Divine Rapture is an uncompleted 1995 American-Irish film with Marlon Brando, Johnny Depp, Debra Winger, and John Hurt.

==Background==
Divine Rapture is the story of a set of miracles in a small 1950s Irish community. The town of Ballycotton in County Cork, where filming took place in the summer of 1995, expected to generate significant revenue from the project. Two weeks into production, however, filming stopped abruptly as the finances of the production company, CineFin, collapsed.

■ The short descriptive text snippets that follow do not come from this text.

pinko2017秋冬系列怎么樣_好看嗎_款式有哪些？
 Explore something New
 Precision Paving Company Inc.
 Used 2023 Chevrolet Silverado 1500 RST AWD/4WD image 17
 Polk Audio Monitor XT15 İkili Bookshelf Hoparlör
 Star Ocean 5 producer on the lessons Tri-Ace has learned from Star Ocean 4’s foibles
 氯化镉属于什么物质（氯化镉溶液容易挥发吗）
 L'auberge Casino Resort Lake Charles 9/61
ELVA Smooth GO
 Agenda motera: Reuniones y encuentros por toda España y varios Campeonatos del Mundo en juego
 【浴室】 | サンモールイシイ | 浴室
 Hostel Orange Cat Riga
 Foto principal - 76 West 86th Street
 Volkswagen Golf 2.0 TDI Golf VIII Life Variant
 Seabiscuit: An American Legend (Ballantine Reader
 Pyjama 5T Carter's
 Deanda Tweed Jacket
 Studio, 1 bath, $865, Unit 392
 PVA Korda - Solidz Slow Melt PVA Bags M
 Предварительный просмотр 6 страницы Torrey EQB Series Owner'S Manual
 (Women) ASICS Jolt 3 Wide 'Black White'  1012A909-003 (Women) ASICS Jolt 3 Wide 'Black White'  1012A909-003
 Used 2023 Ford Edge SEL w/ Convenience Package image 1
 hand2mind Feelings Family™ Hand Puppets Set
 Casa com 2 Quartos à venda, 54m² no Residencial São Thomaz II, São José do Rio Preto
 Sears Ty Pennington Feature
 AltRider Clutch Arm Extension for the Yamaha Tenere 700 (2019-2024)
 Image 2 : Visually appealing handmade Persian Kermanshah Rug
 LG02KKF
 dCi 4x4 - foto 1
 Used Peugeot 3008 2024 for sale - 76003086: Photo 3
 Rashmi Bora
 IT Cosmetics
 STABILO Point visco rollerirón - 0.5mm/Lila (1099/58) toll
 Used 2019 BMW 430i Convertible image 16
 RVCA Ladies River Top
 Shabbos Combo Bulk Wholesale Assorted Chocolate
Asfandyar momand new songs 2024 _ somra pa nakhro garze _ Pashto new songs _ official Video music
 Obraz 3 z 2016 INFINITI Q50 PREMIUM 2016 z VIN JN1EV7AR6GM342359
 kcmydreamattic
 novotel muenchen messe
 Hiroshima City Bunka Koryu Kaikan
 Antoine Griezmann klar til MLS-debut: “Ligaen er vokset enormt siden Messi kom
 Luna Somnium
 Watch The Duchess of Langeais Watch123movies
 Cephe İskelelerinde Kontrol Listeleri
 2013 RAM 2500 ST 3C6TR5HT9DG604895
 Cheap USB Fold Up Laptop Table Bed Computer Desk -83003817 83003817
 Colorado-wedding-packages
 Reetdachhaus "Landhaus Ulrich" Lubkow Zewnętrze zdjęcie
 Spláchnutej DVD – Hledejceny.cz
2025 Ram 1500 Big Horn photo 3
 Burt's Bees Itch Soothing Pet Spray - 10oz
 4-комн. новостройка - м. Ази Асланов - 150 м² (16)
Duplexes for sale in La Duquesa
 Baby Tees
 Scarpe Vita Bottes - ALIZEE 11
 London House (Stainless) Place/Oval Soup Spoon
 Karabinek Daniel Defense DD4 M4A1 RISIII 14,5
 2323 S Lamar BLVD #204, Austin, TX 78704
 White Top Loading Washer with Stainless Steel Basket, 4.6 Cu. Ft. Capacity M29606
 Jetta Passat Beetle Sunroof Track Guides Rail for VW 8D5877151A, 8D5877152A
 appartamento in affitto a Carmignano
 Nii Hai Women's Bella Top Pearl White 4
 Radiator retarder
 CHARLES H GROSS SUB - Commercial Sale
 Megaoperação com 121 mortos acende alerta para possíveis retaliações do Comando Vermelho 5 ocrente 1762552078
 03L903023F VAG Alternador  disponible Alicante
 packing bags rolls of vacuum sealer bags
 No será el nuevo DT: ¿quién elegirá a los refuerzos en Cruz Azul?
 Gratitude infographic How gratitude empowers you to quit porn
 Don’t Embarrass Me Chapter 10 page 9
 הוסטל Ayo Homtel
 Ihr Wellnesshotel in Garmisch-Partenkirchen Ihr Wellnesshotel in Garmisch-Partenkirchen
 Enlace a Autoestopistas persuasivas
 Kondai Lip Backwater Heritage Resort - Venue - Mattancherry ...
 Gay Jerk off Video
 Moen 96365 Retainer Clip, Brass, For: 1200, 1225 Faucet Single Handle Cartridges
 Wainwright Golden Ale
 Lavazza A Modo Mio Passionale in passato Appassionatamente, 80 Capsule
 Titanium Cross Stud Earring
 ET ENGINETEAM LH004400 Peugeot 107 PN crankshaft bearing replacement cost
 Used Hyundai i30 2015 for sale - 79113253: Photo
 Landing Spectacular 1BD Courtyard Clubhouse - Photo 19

Most cast and crew were unpaid, along with local suppliers of accommodation, catering and other services.
After shooting for two weeks, the crew ended the shoot.. Some sources say they had only captured 29 minutes of footage.

==Documentary==
In 2009, Hot Shot Films produced the documentary Ballybrando, recounting the story with interviews of cast, crew and production team including producer Barry Navidi, who had worked for six years to get Divine Rapture made. The documentary also includes scenes from the film. A headstone stands in Ballycotton's Main Street erected by local potter Stephen Pearce marking the event. It reads "Divine Rapture, born 10th July 1995, died 23rd July 1995, RIP". Ballybrando ends with the news that Navidi is reworking the script under a new title, Holy Mackerel, and that he hopes to film it in Ireland.